Centos-kernel-stream-9/Documentation/features
Mark Salter da27503010 arm64: support batched/deferred tlb shootdown during page reclamation/migration
JIRA: https://issues.redhat.com/browse/RHEL-40604

 Conflicts:
	arch/arm64/Kconfig
	Context from RT kernel patches

	arch/arm64/include/asm/tlbflush.h
	Out of order backports of:
	commit 1af5a8109904 "mmu_notifiers: rename invalidate_range notifier"
	commit 6bbd42e2df8f "mmu_notifiers: call invalidate_range() when
	invalidating TLBs"

commit 43b3dfdd04553171488cb11d46d21948b6b90e27
Author: Barry Song <v-songbaohua@oppo.com>
Date: Mon, 17 Jul 2023 21:10:04 +0800

    On x86, batched and deferred tlb shootdown has lead to 90% performance
    increase on tlb shootdown.  on arm64, HW can do tlb shootdown without
    software IPI.  But sync tlbi is still quite expensive.
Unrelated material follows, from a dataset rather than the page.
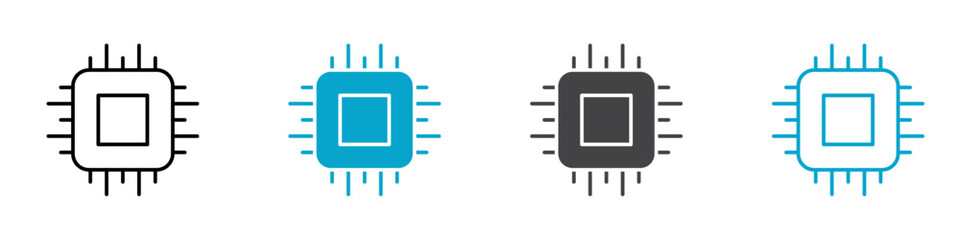 cpu icon set for web and mobile app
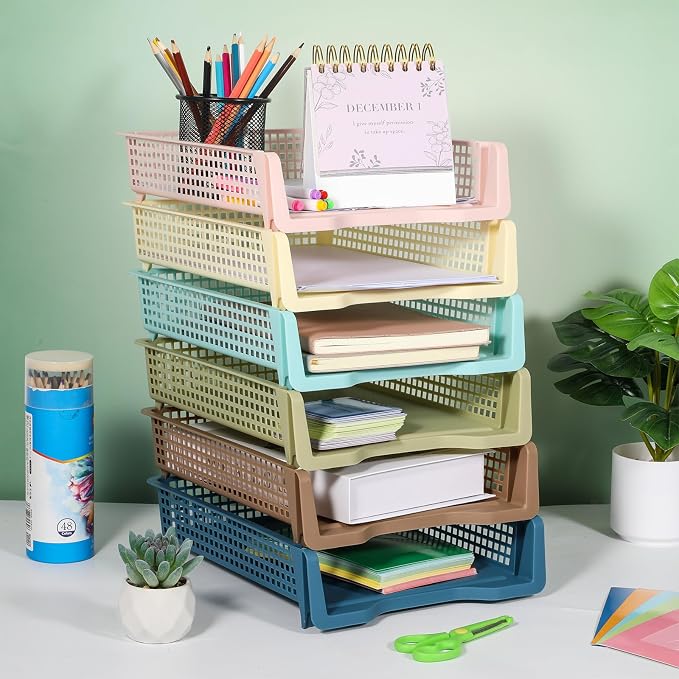 Set of 6 Boho Turn in Trays for Teachers Stackable Classroom Paper Letter Trays Plastic Classroom Desk Letter Organizer Tray Storage Baskets for Library, Drawers, Office, Home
    Even running a simplest program which requires swapout can
    prove this is true,
     #include <sys/types.h>
     #include <unistd.h>
     #include <sys/mman.h>
     #include <string.h>

     int main()
     {
     #define SIZE (1 * 1024 * 1024)
             volatile unsigned char *p = mmap(NULL, SIZE, PROT_READ | PROT_WRITE,
                                              MAP_SHARED | MAP_ANONYMOUS, -1, 0);

             memset(p, 0x88, SIZE);

             for (int k = 0; k < 10000; k++) {
                     /* swap in */
                     for (int i = 0; i < SIZE; i += 4096) {
                             (void)p[i];
                     }

                     /* swap out */
                     madvise(p, SIZE, MADV_PAGEOUT);
             }
     }

    Perf result on snapdragon 888 with 8 cores by using zRAM
    as the swap block device.

     ~ # perf record taskset -c 4 ./a.out
     [ perf record: Woken up 10 times to write data ]
     [ perf record: Captured and wrote 2.297 MB perf.data (60084 samples) ]
     ~ # perf report
     # To display the perf.data header info, please use --header/--header-only options.
     # To display the perf.data header info, please use --header/--header-only options.
     #
     #
     # Total Lost Samples: 0
     #
     # Samples: 60K of event 'cycles'
     # Event count (approx.): 35706225414
     #
     # Overhead  Command  Shared Object      Symbol
     # ........  .......  .................  ......
     #
        21.07%  a.out    [kernel.kallsyms]  [k] _raw_spin_unlock_irq
         8.23%  a.out    [kernel.kallsyms]  [k] _raw_spin_unlock_irqrestore
         6.67%  a.out    [kernel.kallsyms]  [k] filemap_map_pages
         6.16%  a.out    [kernel.kallsyms]  [k] __zram_bvec_write
         5.36%  a.out    [kernel.kallsyms]  [k] ptep_clear_flush
         3.71%  a.out    [kernel.kallsyms]  [k] _raw_spin_lock
         3.49%  a.out    [kernel.kallsyms]  [k] memset64
         1.63%  a.out    [kernel.kallsyms]  [k] clear_page
         1.42%  a.out    [kernel.kallsyms]  [k] _raw_spin_unlock
         1.26%  a.out    [kernel.kallsyms]  [k] mod_zone_state.llvm.8525150236079521930
         1.23%  a.out    [kernel.kallsyms]  [k] xas_load
         1.15%  a.out    [kernel.kallsyms]  [k] zram_slot_lock

    ptep_clear_flush() takes 5.36% CPU in the micro-benchmark swapping in/out
    a page mapped by only one process.  If the page is mapped by multiple
    processes, typically, like more than 100 on a phone, the overhead would be
    much higher as we have to run tlb flush 100 times for one single page.
    Plus, tlb flush overhead will increase with the number of CPU cores due to
    the bad scalability of tlb shootdown in HW, so those ARM64 servers should
    expect much higher overhead.

    Further perf annonate shows 95% cpu time of ptep_clear_flush is actually
    used by the final dsb() to wait for the completion of tlb flush.  This
    provides us a very good chance to leverage the existing batched tlb in
    kernel.  The minimum modification is that we only send async tlbi in the
    first stage and we send dsb while we have to sync in the second stage.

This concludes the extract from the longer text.